Slashdot Mirror


User: accidentalGeek

accidentalGeek's activity in the archive.

Stories
0
Comments
6
First seen
Last seen
Profile
(view on slashdot.org)

Comments · 6

  1. Non-Free = Less Portable on OpenOffice 2.0 Criticized on Use of Java · · Score: 2, Informative

    If you think that the Java license is not a problem, try running Java apps on a non-Intel Linux platform such as linux/ppc. Sun does not make a JRE for linux/ppc so the choices come down to IBM Java (which is also non-free, crashes frequently and does not support the 1.5 spec), Blackdown (which is non-free and seems to be stalled at 1.3), and the free JREs such as Jikes which will always be behind the curve as RMS points out.

    These problems are not incidental. They're a necessary consequence of the non-free license. Fewer developers are allowed to work with the code. This lack of resources directly translates to less portability. It also lengthens the bug fix cycle, slows the adoption of new features, and places supreme power in the hands of the copyright holder. If you require big changes to a free software product, you have the power to make those changes or hire someone else to make them for you. If you require big changes to a non-free product, you're at the mercy of the copyright holder.

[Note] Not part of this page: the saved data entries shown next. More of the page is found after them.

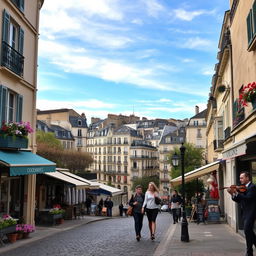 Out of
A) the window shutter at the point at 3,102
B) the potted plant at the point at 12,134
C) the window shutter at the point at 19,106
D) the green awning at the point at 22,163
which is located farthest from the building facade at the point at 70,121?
the potted plant at the point at 12,134

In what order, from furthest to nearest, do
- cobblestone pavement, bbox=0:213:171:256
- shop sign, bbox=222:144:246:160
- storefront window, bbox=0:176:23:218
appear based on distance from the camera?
storefront window, bbox=0:176:23:218, cobblestone pavement, bbox=0:213:171:256, shop sign, bbox=222:144:246:160

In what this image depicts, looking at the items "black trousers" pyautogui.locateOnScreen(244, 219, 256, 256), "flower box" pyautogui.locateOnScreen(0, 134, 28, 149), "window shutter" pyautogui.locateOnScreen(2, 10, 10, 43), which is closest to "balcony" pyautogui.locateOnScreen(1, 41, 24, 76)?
"window shutter" pyautogui.locateOnScreen(2, 10, 10, 43)

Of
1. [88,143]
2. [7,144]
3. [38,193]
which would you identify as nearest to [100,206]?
[38,193]

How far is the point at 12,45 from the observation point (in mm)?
15609

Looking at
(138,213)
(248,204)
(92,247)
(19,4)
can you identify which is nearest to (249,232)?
(248,204)

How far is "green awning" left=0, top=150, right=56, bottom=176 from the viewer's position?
12.1 metres

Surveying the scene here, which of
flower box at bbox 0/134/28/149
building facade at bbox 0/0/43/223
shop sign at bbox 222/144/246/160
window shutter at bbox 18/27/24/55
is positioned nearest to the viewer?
shop sign at bbox 222/144/246/160

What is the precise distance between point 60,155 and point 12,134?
149 feet

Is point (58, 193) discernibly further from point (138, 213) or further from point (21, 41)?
point (138, 213)

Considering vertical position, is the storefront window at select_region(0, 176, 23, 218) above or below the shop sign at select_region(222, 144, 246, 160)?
below

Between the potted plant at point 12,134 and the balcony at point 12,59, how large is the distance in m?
2.33

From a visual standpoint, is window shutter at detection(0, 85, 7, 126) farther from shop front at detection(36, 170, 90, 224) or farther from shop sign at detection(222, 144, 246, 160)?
shop sign at detection(222, 144, 246, 160)

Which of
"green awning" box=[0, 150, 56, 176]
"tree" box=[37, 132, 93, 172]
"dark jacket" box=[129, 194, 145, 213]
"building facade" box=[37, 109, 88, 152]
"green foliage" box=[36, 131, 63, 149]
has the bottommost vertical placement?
"dark jacket" box=[129, 194, 145, 213]

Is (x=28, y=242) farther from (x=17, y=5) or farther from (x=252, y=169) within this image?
(x=17, y=5) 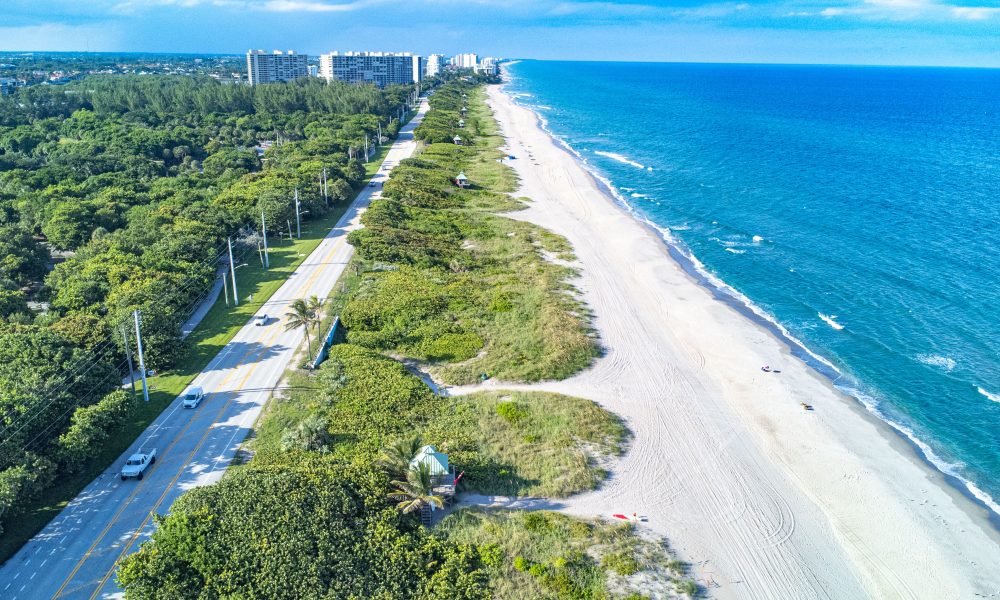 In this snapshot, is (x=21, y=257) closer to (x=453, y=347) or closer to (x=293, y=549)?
(x=453, y=347)

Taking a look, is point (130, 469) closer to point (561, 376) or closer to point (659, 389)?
point (561, 376)

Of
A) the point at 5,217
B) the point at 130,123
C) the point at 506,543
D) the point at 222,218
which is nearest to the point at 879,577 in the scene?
the point at 506,543

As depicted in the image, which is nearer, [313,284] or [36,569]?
[36,569]

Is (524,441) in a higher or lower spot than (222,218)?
→ lower

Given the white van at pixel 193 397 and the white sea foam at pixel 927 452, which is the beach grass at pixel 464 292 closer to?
the white van at pixel 193 397

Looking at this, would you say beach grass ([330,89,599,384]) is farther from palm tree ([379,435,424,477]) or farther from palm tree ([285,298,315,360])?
palm tree ([379,435,424,477])

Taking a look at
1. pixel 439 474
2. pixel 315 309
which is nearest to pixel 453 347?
pixel 315 309

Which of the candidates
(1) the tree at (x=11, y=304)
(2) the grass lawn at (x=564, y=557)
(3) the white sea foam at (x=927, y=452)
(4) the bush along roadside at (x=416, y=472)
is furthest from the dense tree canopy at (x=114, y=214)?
(3) the white sea foam at (x=927, y=452) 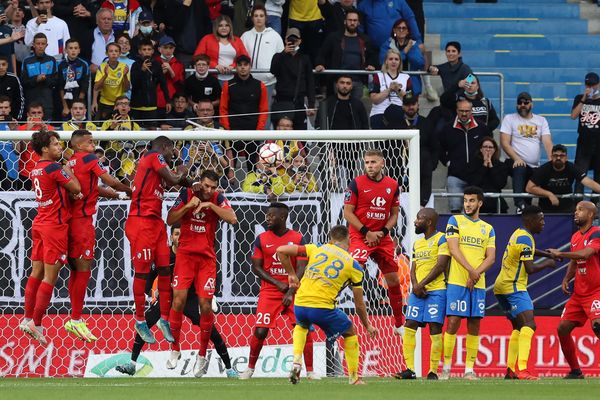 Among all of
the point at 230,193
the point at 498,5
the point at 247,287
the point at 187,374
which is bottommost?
the point at 187,374

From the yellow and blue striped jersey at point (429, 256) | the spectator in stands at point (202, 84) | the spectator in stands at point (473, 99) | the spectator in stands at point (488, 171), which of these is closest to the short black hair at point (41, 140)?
the yellow and blue striped jersey at point (429, 256)

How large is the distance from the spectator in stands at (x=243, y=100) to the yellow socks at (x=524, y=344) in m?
5.24

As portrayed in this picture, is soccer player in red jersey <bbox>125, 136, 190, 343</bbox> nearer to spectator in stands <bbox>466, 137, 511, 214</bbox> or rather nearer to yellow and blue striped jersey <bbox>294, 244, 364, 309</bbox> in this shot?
yellow and blue striped jersey <bbox>294, 244, 364, 309</bbox>

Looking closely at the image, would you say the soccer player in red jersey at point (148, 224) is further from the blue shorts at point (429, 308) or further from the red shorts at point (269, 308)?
the blue shorts at point (429, 308)

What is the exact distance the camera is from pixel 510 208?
19.1 m

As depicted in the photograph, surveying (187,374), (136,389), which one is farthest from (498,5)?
(136,389)

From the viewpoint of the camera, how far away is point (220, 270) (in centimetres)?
1633

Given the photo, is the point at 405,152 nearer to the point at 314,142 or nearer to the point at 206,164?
the point at 314,142

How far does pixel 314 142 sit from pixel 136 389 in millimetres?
5172

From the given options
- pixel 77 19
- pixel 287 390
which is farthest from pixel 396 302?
pixel 77 19

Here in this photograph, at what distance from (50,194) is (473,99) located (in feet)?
24.6

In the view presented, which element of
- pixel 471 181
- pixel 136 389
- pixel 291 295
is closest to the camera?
pixel 136 389

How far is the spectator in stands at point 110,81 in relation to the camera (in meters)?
18.4

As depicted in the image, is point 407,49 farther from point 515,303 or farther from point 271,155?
point 515,303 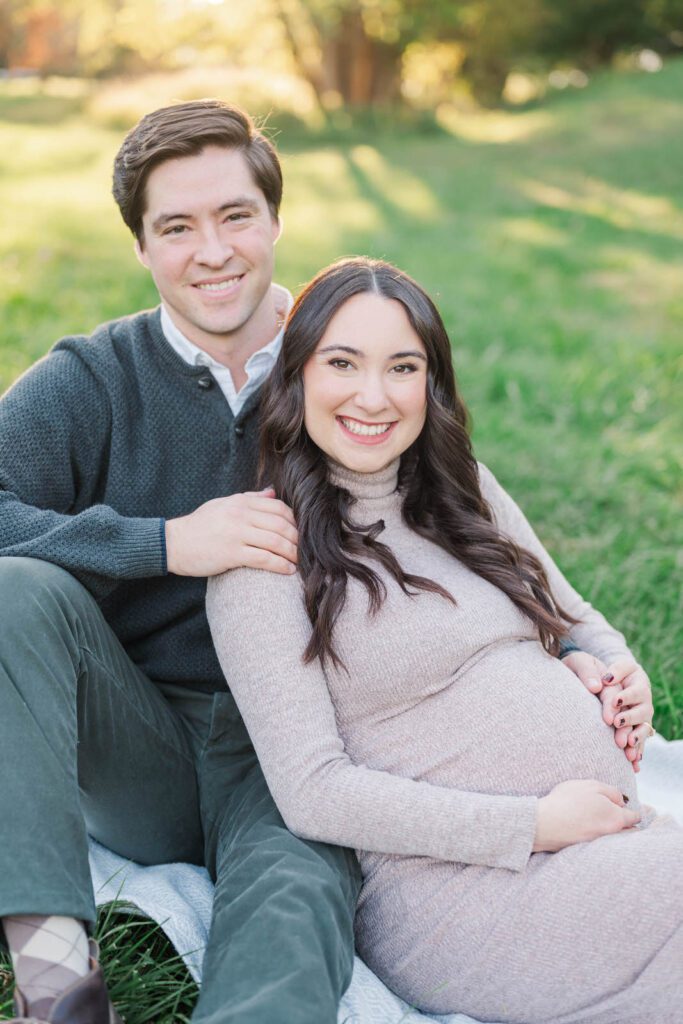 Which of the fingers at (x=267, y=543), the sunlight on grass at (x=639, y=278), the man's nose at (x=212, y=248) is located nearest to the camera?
the fingers at (x=267, y=543)

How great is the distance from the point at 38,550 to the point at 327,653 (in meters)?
0.68

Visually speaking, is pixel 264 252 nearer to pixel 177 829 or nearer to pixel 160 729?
pixel 160 729

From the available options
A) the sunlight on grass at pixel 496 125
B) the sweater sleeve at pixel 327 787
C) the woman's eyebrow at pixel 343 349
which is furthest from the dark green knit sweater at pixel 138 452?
the sunlight on grass at pixel 496 125

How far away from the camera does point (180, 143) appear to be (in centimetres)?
283

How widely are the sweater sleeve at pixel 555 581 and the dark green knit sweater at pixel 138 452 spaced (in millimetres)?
633

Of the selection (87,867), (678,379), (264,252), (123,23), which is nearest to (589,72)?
(123,23)

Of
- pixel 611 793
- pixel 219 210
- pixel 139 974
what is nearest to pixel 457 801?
pixel 611 793

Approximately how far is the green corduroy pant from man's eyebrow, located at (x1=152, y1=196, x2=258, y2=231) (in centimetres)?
112

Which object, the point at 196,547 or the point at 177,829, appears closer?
the point at 196,547

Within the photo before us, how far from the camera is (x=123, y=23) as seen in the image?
24.6m

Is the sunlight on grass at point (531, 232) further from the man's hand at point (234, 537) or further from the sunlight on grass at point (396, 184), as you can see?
the man's hand at point (234, 537)

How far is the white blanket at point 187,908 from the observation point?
2.11m

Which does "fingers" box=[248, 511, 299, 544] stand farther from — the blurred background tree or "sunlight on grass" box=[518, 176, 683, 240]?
the blurred background tree

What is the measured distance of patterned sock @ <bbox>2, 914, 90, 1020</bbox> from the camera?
1.82 metres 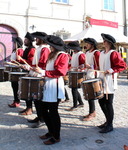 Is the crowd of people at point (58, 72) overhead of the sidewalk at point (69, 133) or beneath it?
overhead

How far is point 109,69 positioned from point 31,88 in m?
1.36

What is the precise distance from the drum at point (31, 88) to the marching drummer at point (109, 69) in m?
1.14

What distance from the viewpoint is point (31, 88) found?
3014mm

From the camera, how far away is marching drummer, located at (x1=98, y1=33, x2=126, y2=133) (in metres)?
3.27

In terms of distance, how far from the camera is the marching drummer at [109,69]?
10.7 ft

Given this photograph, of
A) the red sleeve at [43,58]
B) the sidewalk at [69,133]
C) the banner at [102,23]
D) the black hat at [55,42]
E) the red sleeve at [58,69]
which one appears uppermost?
the banner at [102,23]

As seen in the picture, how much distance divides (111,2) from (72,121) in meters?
12.8

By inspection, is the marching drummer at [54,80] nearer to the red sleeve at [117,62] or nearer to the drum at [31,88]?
the drum at [31,88]

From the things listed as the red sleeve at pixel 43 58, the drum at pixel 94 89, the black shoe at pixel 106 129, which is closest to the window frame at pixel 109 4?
the red sleeve at pixel 43 58

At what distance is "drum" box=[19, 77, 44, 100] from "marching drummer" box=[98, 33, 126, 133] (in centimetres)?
114

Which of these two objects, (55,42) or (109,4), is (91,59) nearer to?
(55,42)

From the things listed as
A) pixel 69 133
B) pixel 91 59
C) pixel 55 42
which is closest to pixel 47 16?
pixel 91 59

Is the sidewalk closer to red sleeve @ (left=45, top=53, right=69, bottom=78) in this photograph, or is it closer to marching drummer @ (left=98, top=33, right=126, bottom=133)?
marching drummer @ (left=98, top=33, right=126, bottom=133)

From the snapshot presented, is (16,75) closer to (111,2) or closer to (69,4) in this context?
(69,4) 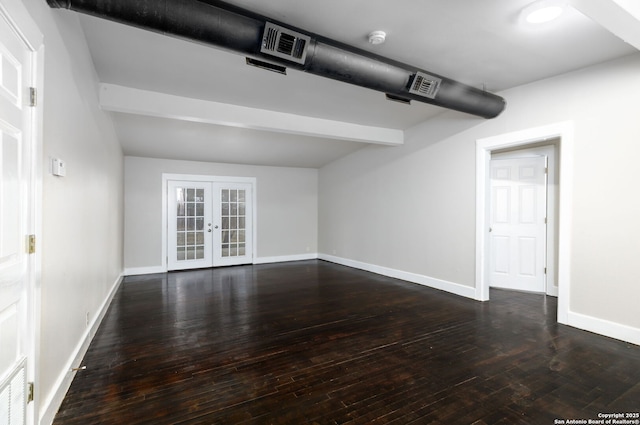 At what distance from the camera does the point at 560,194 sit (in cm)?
341

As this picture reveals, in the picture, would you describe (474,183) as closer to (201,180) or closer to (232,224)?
(232,224)

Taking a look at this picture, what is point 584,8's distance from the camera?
6.36ft

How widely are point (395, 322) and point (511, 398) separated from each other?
149cm

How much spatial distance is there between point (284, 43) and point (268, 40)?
13 centimetres

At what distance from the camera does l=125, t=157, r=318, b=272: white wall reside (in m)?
6.30

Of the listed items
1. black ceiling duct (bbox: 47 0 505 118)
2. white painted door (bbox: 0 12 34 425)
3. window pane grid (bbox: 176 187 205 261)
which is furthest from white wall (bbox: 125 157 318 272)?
white painted door (bbox: 0 12 34 425)

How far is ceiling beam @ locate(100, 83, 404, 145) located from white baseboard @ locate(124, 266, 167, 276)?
3.87m

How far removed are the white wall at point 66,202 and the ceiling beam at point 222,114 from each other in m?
0.28

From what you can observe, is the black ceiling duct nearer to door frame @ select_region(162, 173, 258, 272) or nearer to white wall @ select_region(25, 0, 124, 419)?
white wall @ select_region(25, 0, 124, 419)

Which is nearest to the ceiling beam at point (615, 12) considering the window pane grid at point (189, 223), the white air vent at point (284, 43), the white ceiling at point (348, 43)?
the white ceiling at point (348, 43)

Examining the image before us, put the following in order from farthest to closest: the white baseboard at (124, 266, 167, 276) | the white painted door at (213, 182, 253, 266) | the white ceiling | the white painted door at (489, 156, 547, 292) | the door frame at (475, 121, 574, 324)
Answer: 1. the white painted door at (213, 182, 253, 266)
2. the white baseboard at (124, 266, 167, 276)
3. the white painted door at (489, 156, 547, 292)
4. the door frame at (475, 121, 574, 324)
5. the white ceiling

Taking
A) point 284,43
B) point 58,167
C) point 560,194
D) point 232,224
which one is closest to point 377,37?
point 284,43

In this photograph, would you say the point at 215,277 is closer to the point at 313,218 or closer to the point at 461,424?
the point at 313,218

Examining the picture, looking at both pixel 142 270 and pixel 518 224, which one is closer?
pixel 518 224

    In the case of Java, the source is not as open as Sun would like you to believe. Parts of it are open. Other parts are locked away in binary files. You need an existing Sun bytecode compiler (on a platform supported by Sun) to build Java from source. This necessarily precludes porting it to other platforms without assistance from Sun. This is why the folks at blackdown needed to sign special agreements with Sun before they were granted access.

    I love Java. It's quickly becoming my favorite programming language, but I also have to agree with RMS that the license is problematic. Great language. Dangerous platform.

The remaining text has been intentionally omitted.